A Critical Media Moment? CNN on Race

We have to be grateful that CNN is drawing attention to issues of race in Silicon Valley. Or do we? The cable network’s documentary “The New Promised Land: Silicon Valley” airs tomorrow, and if it hones in on structural and institutional racism in American computing and electronics industries, great.  The world of high tech R&D is too easily cast as above or outside of social factors; I spend my days teaching engineering undergrads how to question that presumption.  Specifically, with some powerful reporting by CNN we may see how familiar meritocratic claims about “genius” as the source of American high-tech innovation  (lately fueled by retrospectives of Steve Jobs’ career) have long helped support race-based exclusion in U.S. technology spheres.  I blogged about this the other week.

But I’m a little worried. Advance screenings and media commentary on the film have generated a great deal of conversation, among bloggers and mainstream media alike.  Yesterday the New York Times reflected on the buzz itself, in “CNN Documentary Sets Off Debate on Race and Technology” by Brian Stelter and Jenna Wortham.  And much of that buzz has been about the ways in which individuals depicted in the film, such as Michael Arrington, do or don’t recognize structural inequities; that is, about the talking heads themselves.
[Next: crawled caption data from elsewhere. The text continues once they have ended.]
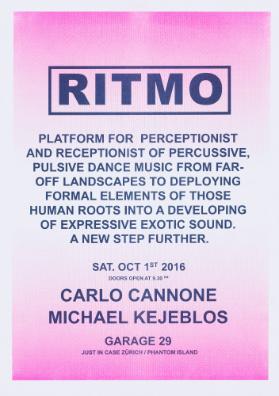 Ritmo - Carlo Cannone - Michael Kejeblos - Garage 29 - Just In Case Zürich / Phantom Island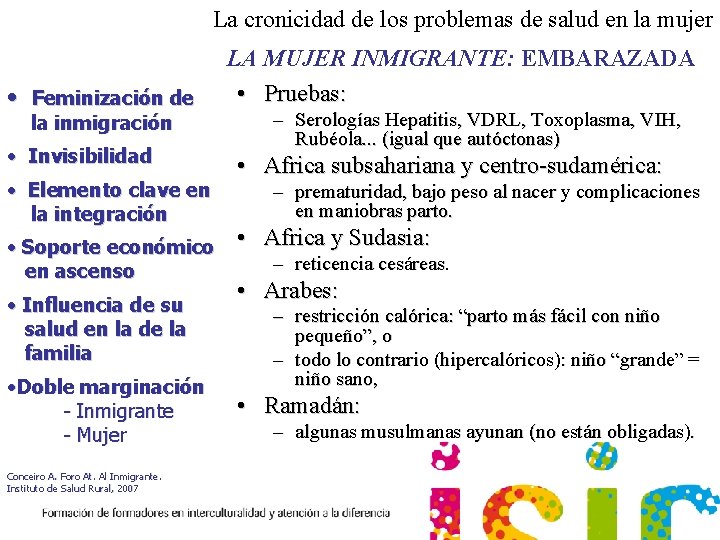 La cronicidad de los problemas de salud en la mujer • Feminización de la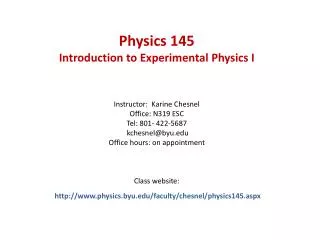 Physics 145 Introduction to Experimental Physics I Instructor: Karine Chesnel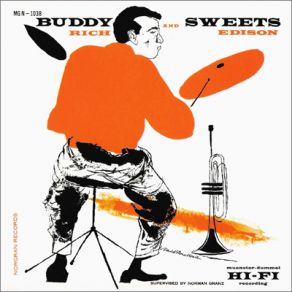 Download track Nice Work If You Can Get It Harry Edison, Buddy Rich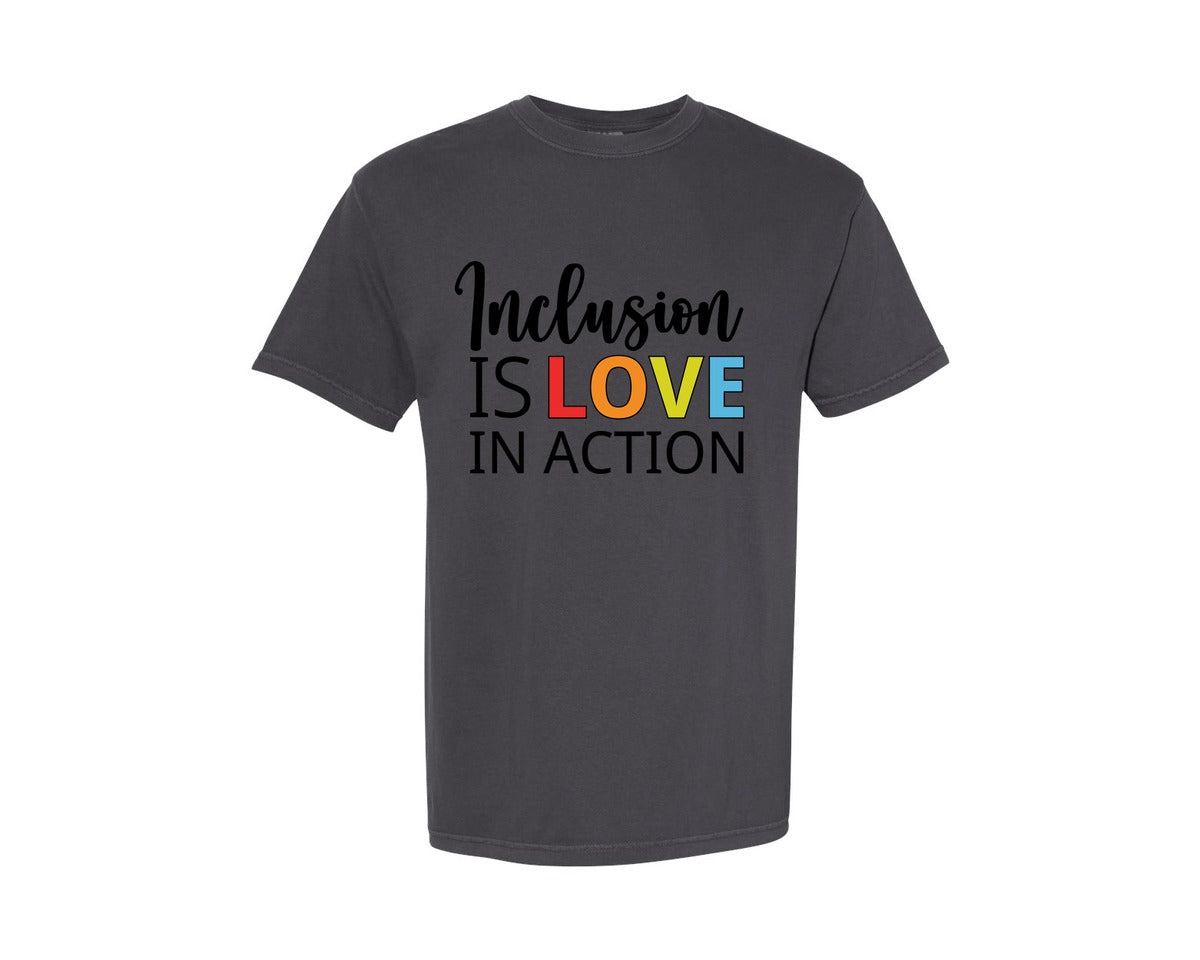 brand:Comfort Colors|color:Graphite|Inclusion Is Love In Action T Shirt Graphic T-Shirt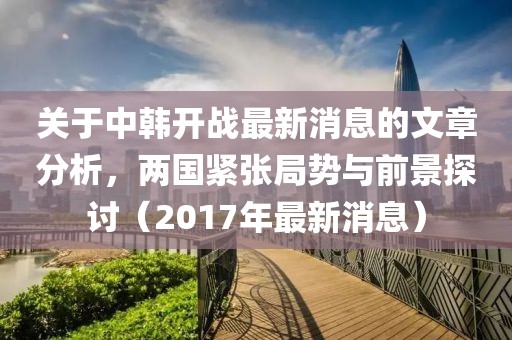 关于中韩开战最新消息的文章分析，两国紧张局势与前景探讨（2017年最新消息）
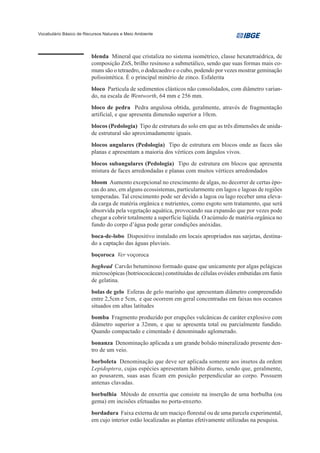 Vocabulário Básico de Recursos Naturais e Meio Ambiente




                         blenda Mineral que cristaliza no sistema isométrico, classe hexatetraédrica, de
                         composição ZnS, brilho resinoso a submetálico, sendo que suas formas mais co-
                         muns são o tetraedro, o dodecaedro e o cubo, podendo por vezes mostrar geminação
                         polissintética. É o principal minério de zinco. Esfalerita
                         bloco Partícula de sedimentos clásticos não consolidados, com diâmetro varian-
                         do, na escala de Wentworth, 64 mm e 256 mm.
                         bloco de pedra Pedra angulosa obtida, geralmente, através de fragmentação
                         artificial, e que apresenta dimensão superior a 10cm.
                         blocos (Pedologia) Tipo de estrutura do solo em que as três dimensões de unida-
                         de estrutural são aproximadamente iguais.
                         blocos angulares (Pedologia) Tipo de estrutura em blocos onde as faces são
                         planas e apresentam a maioria dos vértices com ângulos vivos.
                         blocos subangulares (Pedologia) Tipo de estrutura em blocos que apresenta
                         mistura de faces arredondadas e planas com muitos vértices arredondados
                         bloom Aumento excepcional no crescimento de algas, no decorrer de certas épo-
                         cas do ano, em alguns ecossistemas, particularmente em lagos e lagoas de regiões
                         temperadas. Tal crescimento pode ser devido a lagoa ou lago receber uma eleva-
                         da carga de matéria orgânica e nutrientes, como esgoto sem tratamento, que será
                         absorvida pela vegetação aquática, provocando sua expansão que por vezes pode
                         chegar a cobrir totalmente a superfície líqüida. O acúmulo de matéria orgânica no
                         fundo do corpo d’água pode gerar condições anóxidas.
                         boca-de-lobo Dispositivo instalado em locais apropriados nas sarjetas, destina-
                         do a captação das águas pluviais.
                         boçoroca Ver voçoroca
                         boghead Carvão betuminoso formado quase que unicamente por algas pelágicas
                         microscópicas (botriococáceas) constituídas de células ovóides embutidas em funis
                         de gelatina.
                         bolas de gelo Esferas de gelo marinho que apresentam diâmetro compreendido
                         entre 2,5cm e 5cm, e que ocorrem em geral concentradas em faixas nos oceanos
                         situados em altas latitudes
                         bomba Fragmento produzido por erupções vulcânicas de caráter explosivo com
                         diâmetro superior a 32mm, e que se apresenta total ou parcialmente fundido.
                         Quando compactado e cimentado é denominado aglomerado.
                         bonanza Denominação aplicada a um grande bolsão mineralizado presente den-
                         tro de um veio.
                         borboleta Denominação que deve ser aplicada somente aos insetos da ordem
                         Lepidoptera, cujas espécies apresentam hábito diurno, sendo que, geralmente,
                         ao pousarem, suas asas ficam em posição perpendicular ao corpo. Possuem
                         antenas clavadas.
                         borbulhia Método de enxertia que consiste na inserção de uma borbulha (ou
                         gema) em incisões efetuadas no porta-enxerto.
                         bordadura Faixa externa de um maciço florestal ou de uma parcela experimental,
                         em cujo interior estão localizadas as plantas efetivamente utilizadas na pesquisa.
 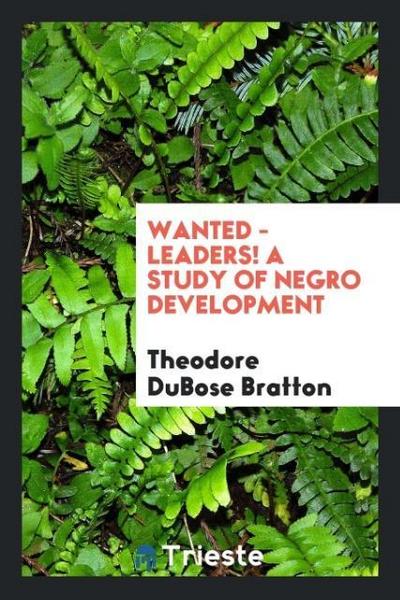 Wanted - leaders! A study of Negro development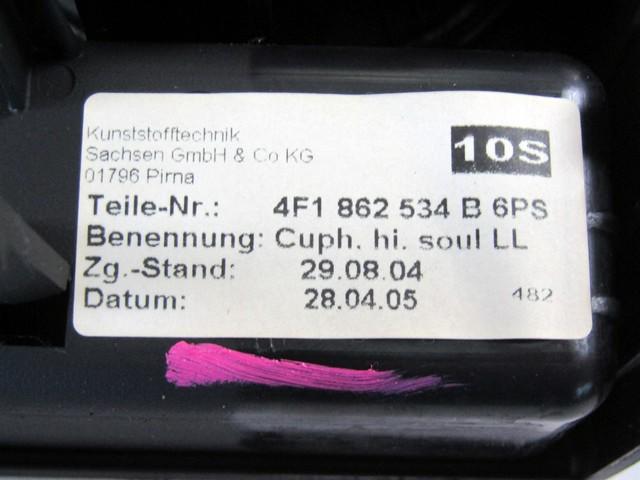 PEPELNIK / DRZALA ZA PIJACO OEM N. 4F1862534B ORIGINAL REZERVNI DEL AUDI A6 C6 4F2 4FH 4F5 BER/SW/ALLROAD (07/2004 - 10/2008) DIESEL LETNIK 2006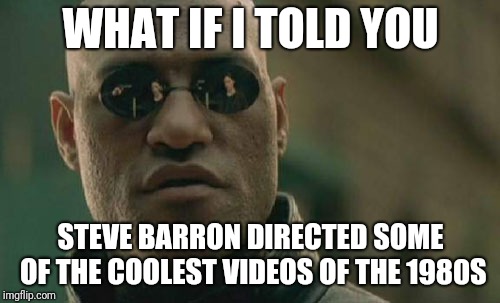 Matrix Morpheus Meme | WHAT IF I TOLD YOU STEVE BARRON DIRECTED SOME OF THE COOLEST VIDEOS OF THE 1980S | image tagged in memes,matrix morpheus | made w/ Imgflip meme maker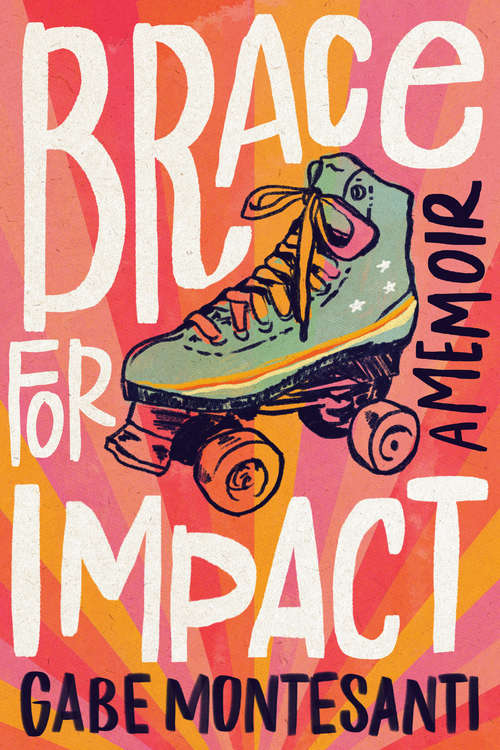 Book cover of Brace for Impact: A Memoir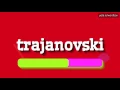TRAJANOVSKI - HOW TO SAY TRAJANOVSKI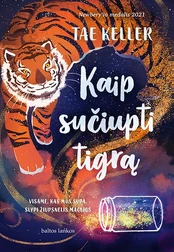 Kaip sučiupti tigrą kaina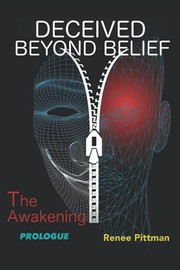 Front cover of Deceived Beyond Belief - the Awakening by Renee Pittman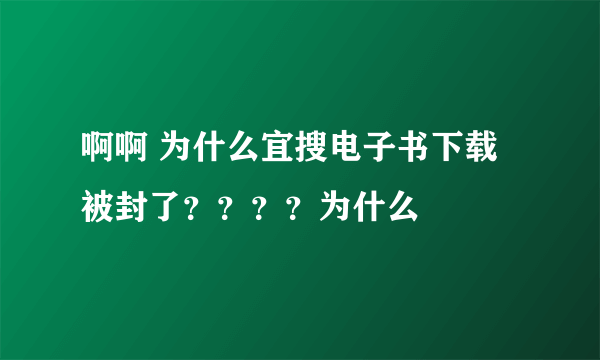 啊啊 为什么宜搜电子书下载被封了？？？？为什么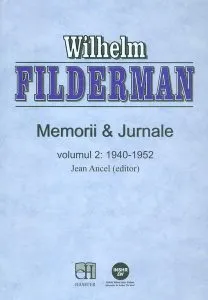 Memorii &Jurnale, vol. II - 1940-19521 de Wilhelm Filderman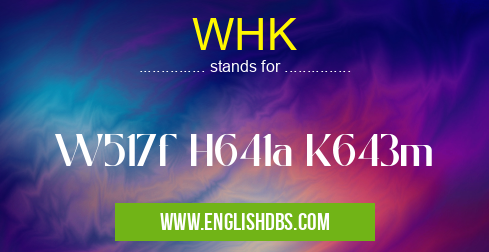 WHK means W517f H641a K643m WHK
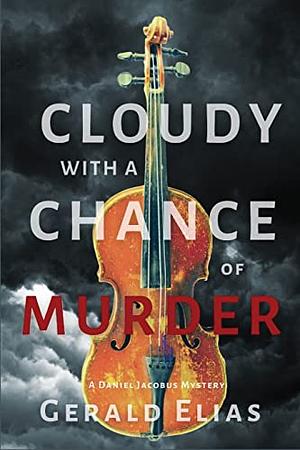 Cloudy with a Chance of Murder: A Daniel Jacobus Mystery by Gerald Elias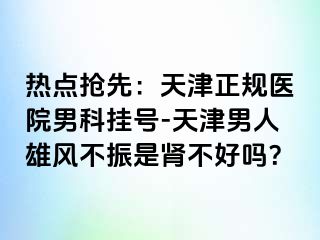 热点抢先：天津正规医院男科挂号-天津男人雄风不振是肾不好吗？
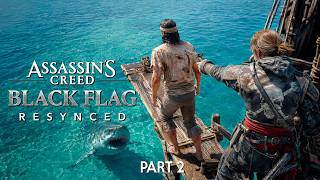 ASSASSIN'S CREED BLACK FLAG RESYNCED Naval Combat Gameplay Preview | EPIC OPEN SEA Escape Mission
Their views provide interesting evidence but we need to go from thinking about those individuals  to a broader view.  Hank Williams lays out some of these larger issues for CNN as the network builds hype for the documentary; for example, pervasive economic impediments to the scale-up of minority-led projects. If CNN proves willing to keep that conversation going, bucking a mainstream media tradition of downplaying the race, class and gender inequities still going strong in 21st Century America, then we may have something to thank them for.

Trade Secrets

Last week, the San Jose Mercury News offered two articles by Mike Swift that are must-reads for anyone concerned with diversity in technical occupations. The title of the first, “Blacks, Latinos and women lose ground at Silicon Valley tech companies,” makes the importance of that piece clear. The newspaper analyzed combined work forces of ten regional companies, including Intel, Hewlett-Packard and eBay, and found that already small numbers of black and Hispanic workers in those firms declined from 1999 to 2005. Swift analyzes this data, provided through the U.S. Department of Labor, in a rare and commendable inquiry into the social dimensions of high-tech industries–usually so venerated as a source of the nation’s economic health and international competitiveness that we dare not “quibble” about their involvement with diversity. 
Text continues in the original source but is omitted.